Kopfschlagen oder Schaukeln als Einschlaf-Gewohnheit entwickelt sich
meist innerhalb des ersten Lebensjahres. Es kann nach kurzer Zeit
spontan abklingen, aber auch längere Zeit anhalten. Meist verschwindet
es 1 bis 1,5 Jahre nach dem ersten Auftreten, spätestens also im 3.
bis 4. Lebensjahr.
Kopfschlagen kommt bei Jungen wesentlich häufiger vor als bei Mädchen.
Es stimmt zwar, daß Kopfschlagen bei Kindern mit einer ernsthaften
neurologischen Krankheit oder einer psychischen Störung
überdurchschnittlich oft auftritt.
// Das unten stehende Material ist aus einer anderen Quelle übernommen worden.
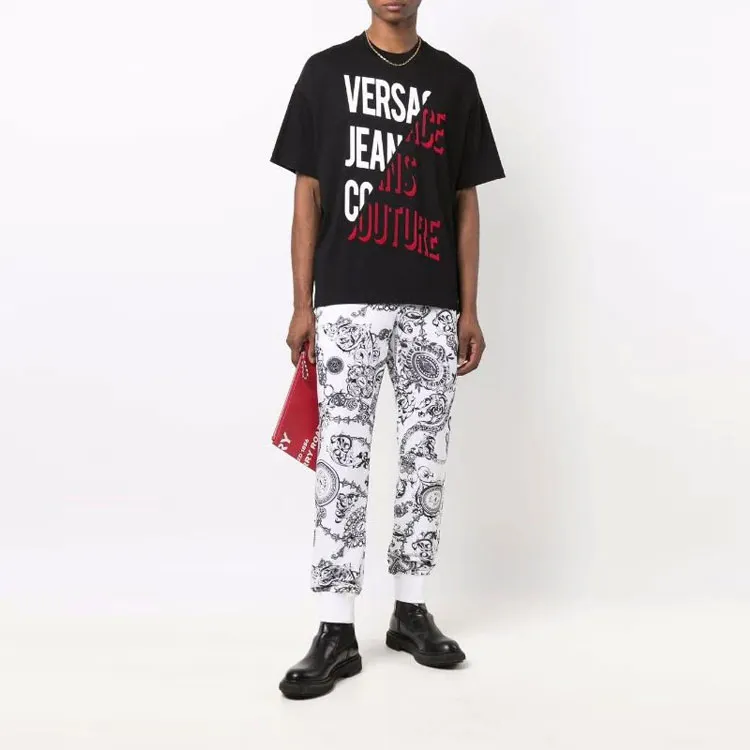VERSACE JEANS COUTURE FW21 T Shirt Men's Black-1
Kopfschlagen als einzige
Aufgfälligkeit bei einem sonst gesunden, sich normal entwickelnden
Kind ist trotzdem kein Grund zur Sorge. Die betroffenen Eltern helfen
ihrem Kind am besten, wenn sie es mit seiner Eigenart annehmen und
darauf vertrauen, daß alles in Ordnung ist.
Einige zusätzliche Tips:
- Geben Sie Ihrem Kind tagsüber viel Gelegenheit, sich rhythmisch zu
bewegen.
- Es ist einen Veruch wert, eine laut tickende Uhr oder ein Metronom
neben das Kinderbett zu stellen, um dem Rhythmus-Gefühl Ihres Kindes
entgegen zu kommen.
- Polstern Sie das Kinderbett sorgfältig aus, oder legen Sie als
Schlafplatz eine Matratze mitten ins Zimmer. Je aufwendiger die Suche
nach einem festen Gegenstand zum Kopfschlagen ist, desto eher wird ihr
Kind damit aufhören.
- Achten Sie darauf, daß Sie das Kopfschlagen Ihres Kindes nicht mit
besonderer Aufmerksamkeit und Zuwendung "belohnen". Thomas z.B., von
dem zu Beginn des Abschnitts die Rede war, bekam abends und nachts
regelmäßig ein Fläschchen, wenn er anfing, mit dem Kopf zu schlagen.
Zum Teil war das Kopfschlagen für ihn ein sicheres Mittel, ein
Fläschchen zu bekommen. Als seine Mutter ihm nach der im 4. Kapitel
besprochenen Methode die nächtlichen Fläschchen abgewöhnt hatte, ließ
auch das Kopfschlagen stark nach.
In seltenen Fällen kann Kopfschlagen oder Schaukeln Hinweis auf eine
ernsthafte Störung sein. Sprechen Sie mit Ihrem Kinderarzt oder Ihrer
Kinderärztin, wenn eine der folgenden Bedingungen auf Ihr Kind
zutrifft:
- Das Kopfschlagen oder Schaukeln tritt erstmals auf, wenn Ihr Kind
schon älter als 1,5 Jahre alt ist.
- Das Kopfschlagen oder Schaukeln tritt gleichzeitig mit einem
belastenden oder ängstigenden Ereignis auf.
- Die rhythmischen Bewegungen lassen auch im 3. oder 4. Lebensjahr
noch nicht nach.
- Ihr Kind entwickelt sich nicht altersgerecht."